Caption-style text data:
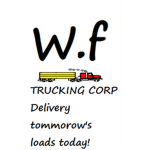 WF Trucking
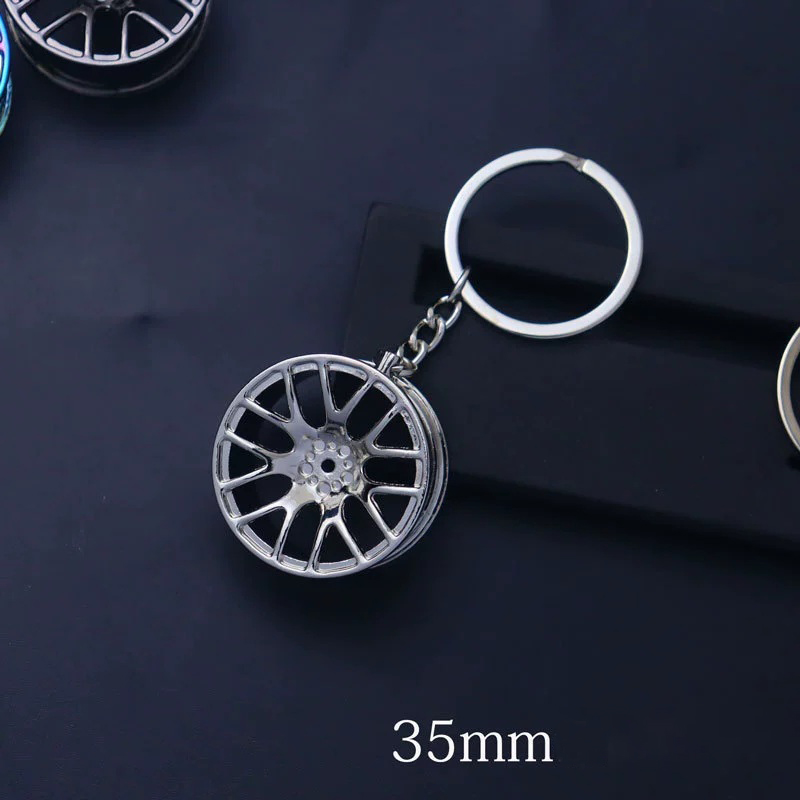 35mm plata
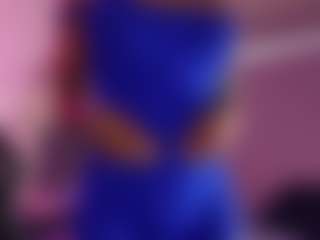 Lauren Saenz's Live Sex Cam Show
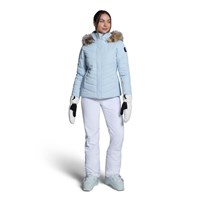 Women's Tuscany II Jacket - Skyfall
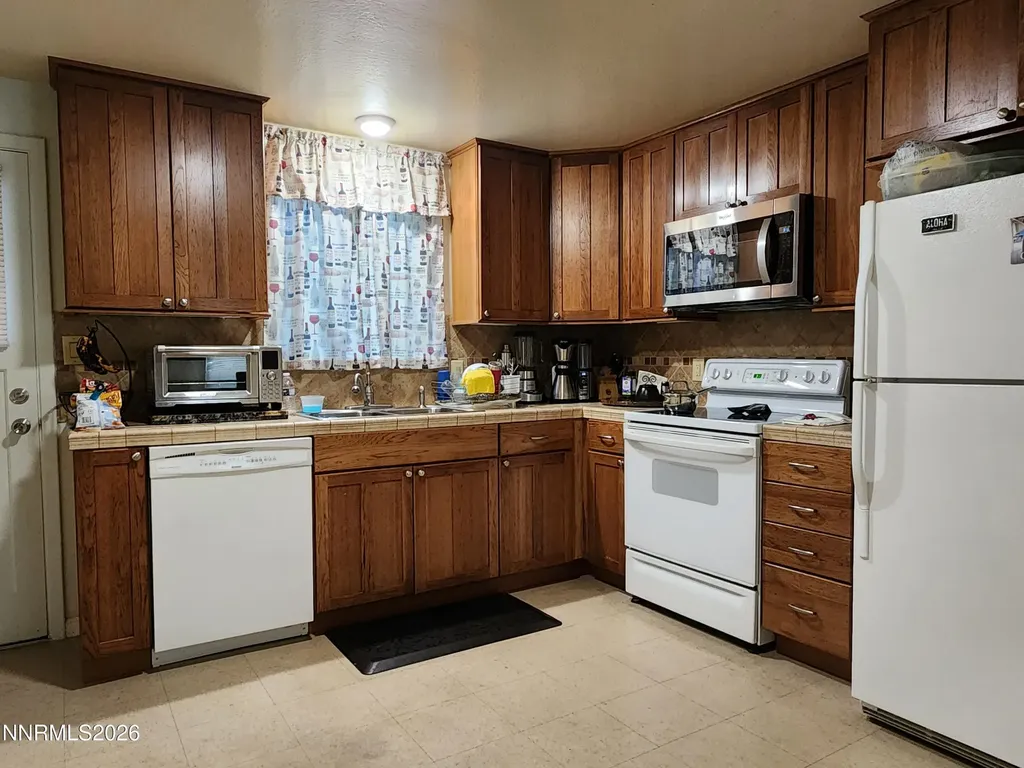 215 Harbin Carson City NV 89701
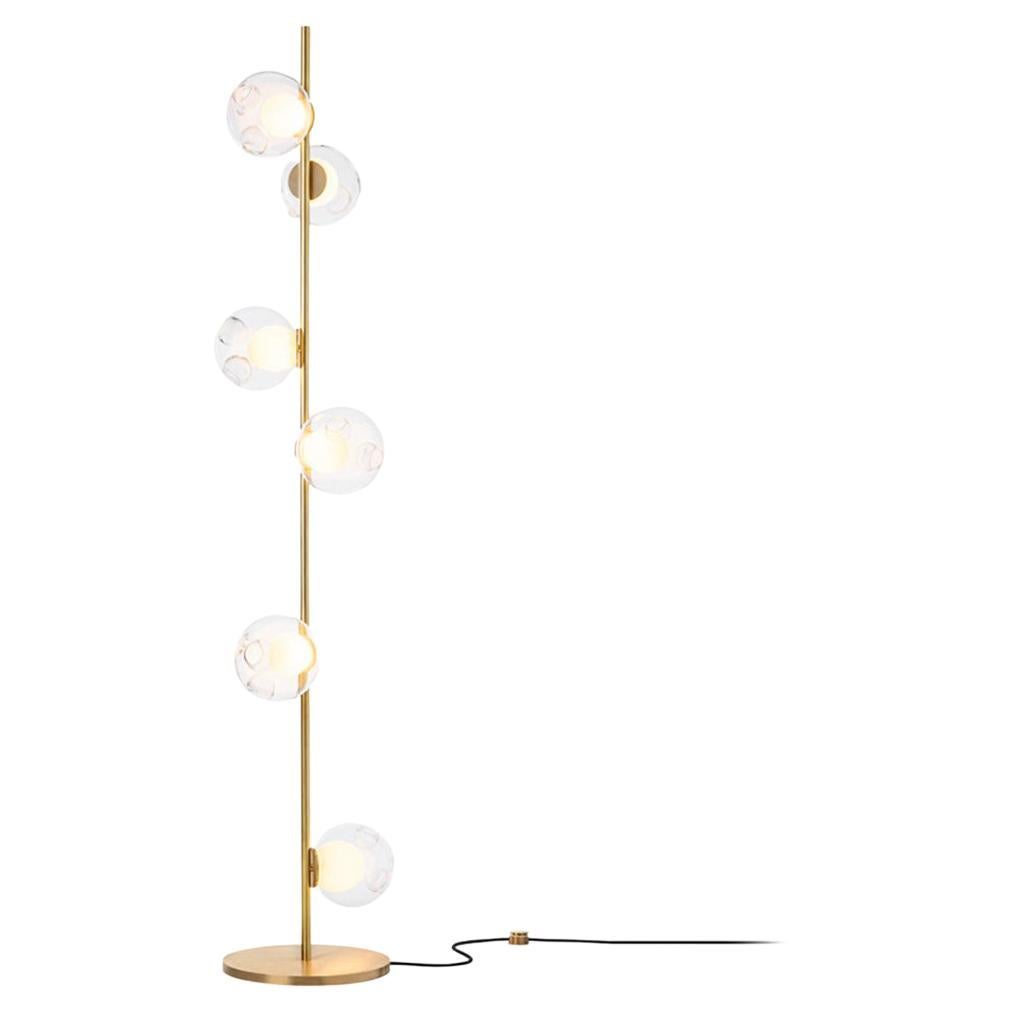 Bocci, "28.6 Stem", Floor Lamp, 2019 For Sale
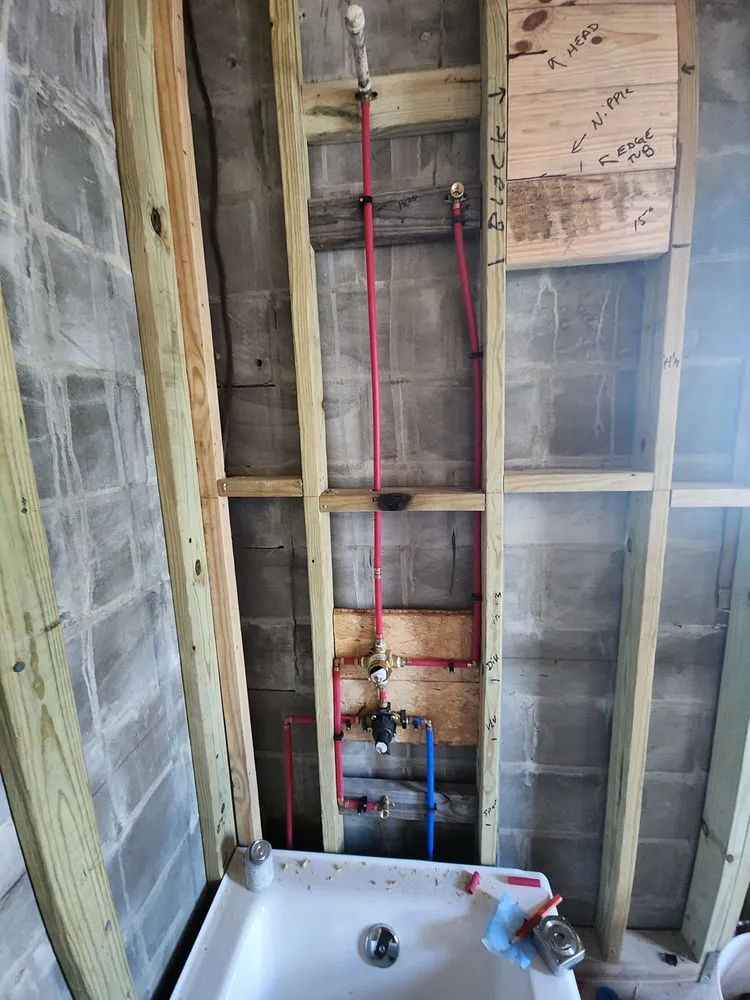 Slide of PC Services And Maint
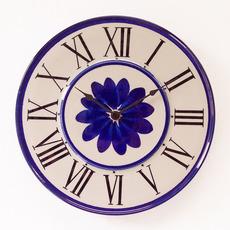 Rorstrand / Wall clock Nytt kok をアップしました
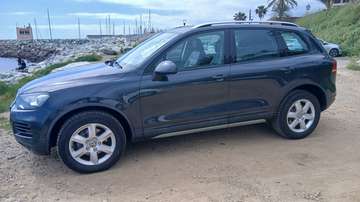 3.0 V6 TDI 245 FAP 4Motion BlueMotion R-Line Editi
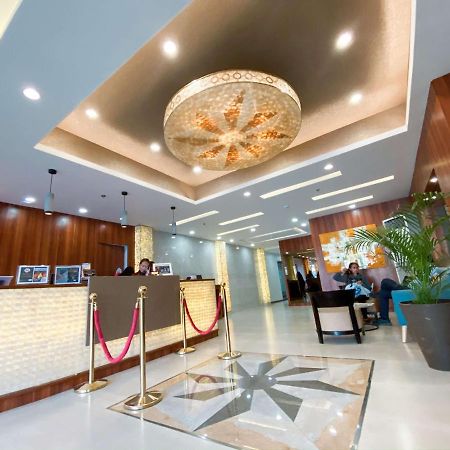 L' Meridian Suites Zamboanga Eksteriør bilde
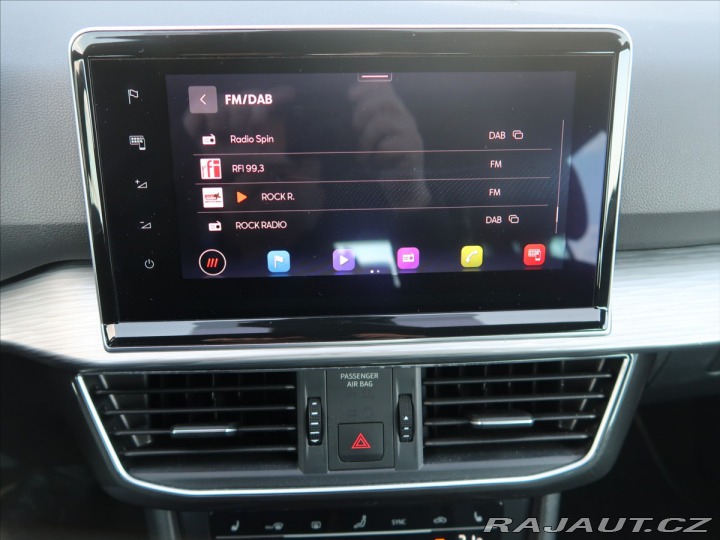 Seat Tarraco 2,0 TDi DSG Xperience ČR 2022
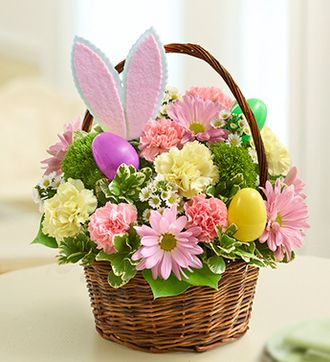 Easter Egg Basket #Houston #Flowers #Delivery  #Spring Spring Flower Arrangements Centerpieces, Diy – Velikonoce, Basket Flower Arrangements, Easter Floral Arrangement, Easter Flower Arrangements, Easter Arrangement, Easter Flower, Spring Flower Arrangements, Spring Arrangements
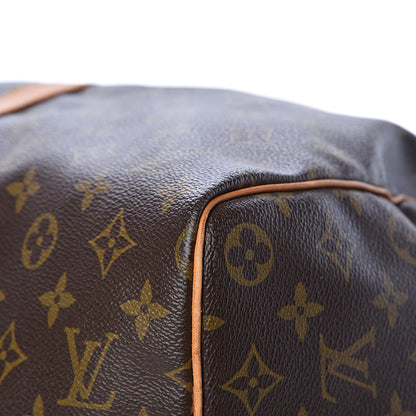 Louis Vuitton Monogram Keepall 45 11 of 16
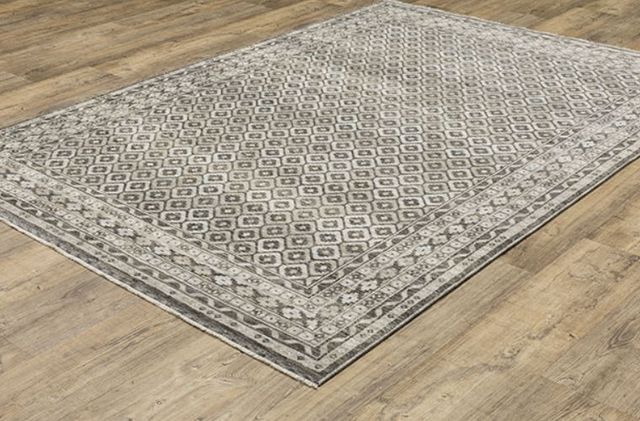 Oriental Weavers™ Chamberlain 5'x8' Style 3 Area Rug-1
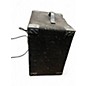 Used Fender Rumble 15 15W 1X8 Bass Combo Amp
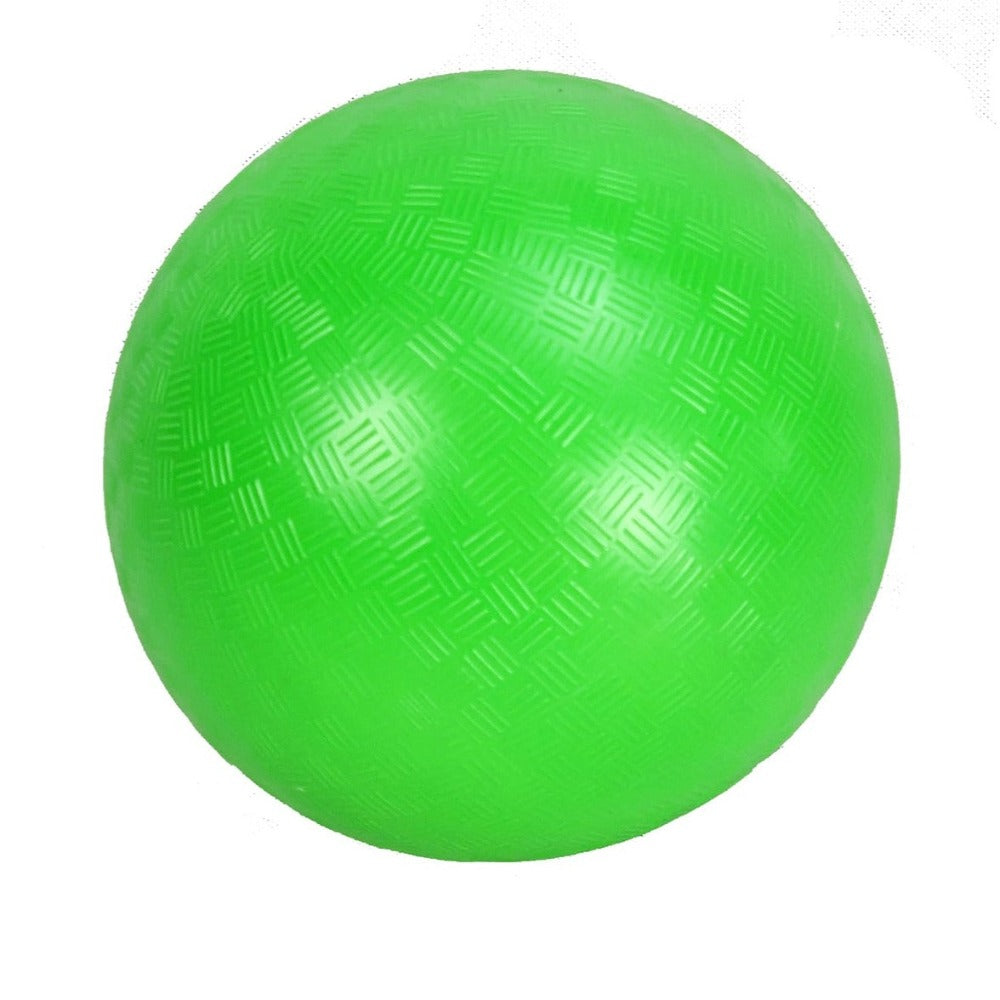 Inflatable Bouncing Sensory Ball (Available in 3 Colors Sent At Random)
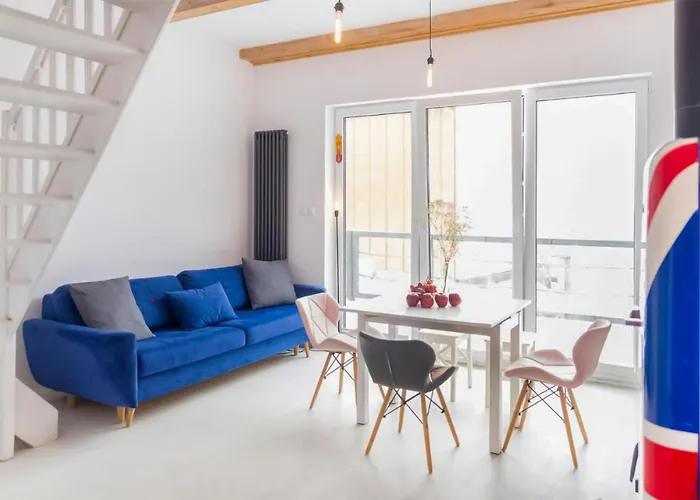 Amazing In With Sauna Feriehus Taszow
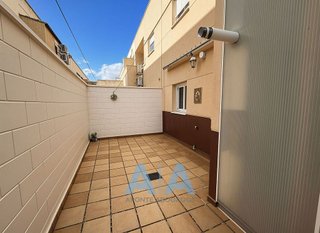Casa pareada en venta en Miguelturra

_WHAT IS EXPECTED_. Would you restate word for word only the lines from the line with "Amazing In With Sauna Feriehus Taszow" to the last line above, with the pictures left out?

_YOUR SOLUTION_.
 Amazing In With Sauna Feriehus Taszow
Casa pareada en venta en Miguelturra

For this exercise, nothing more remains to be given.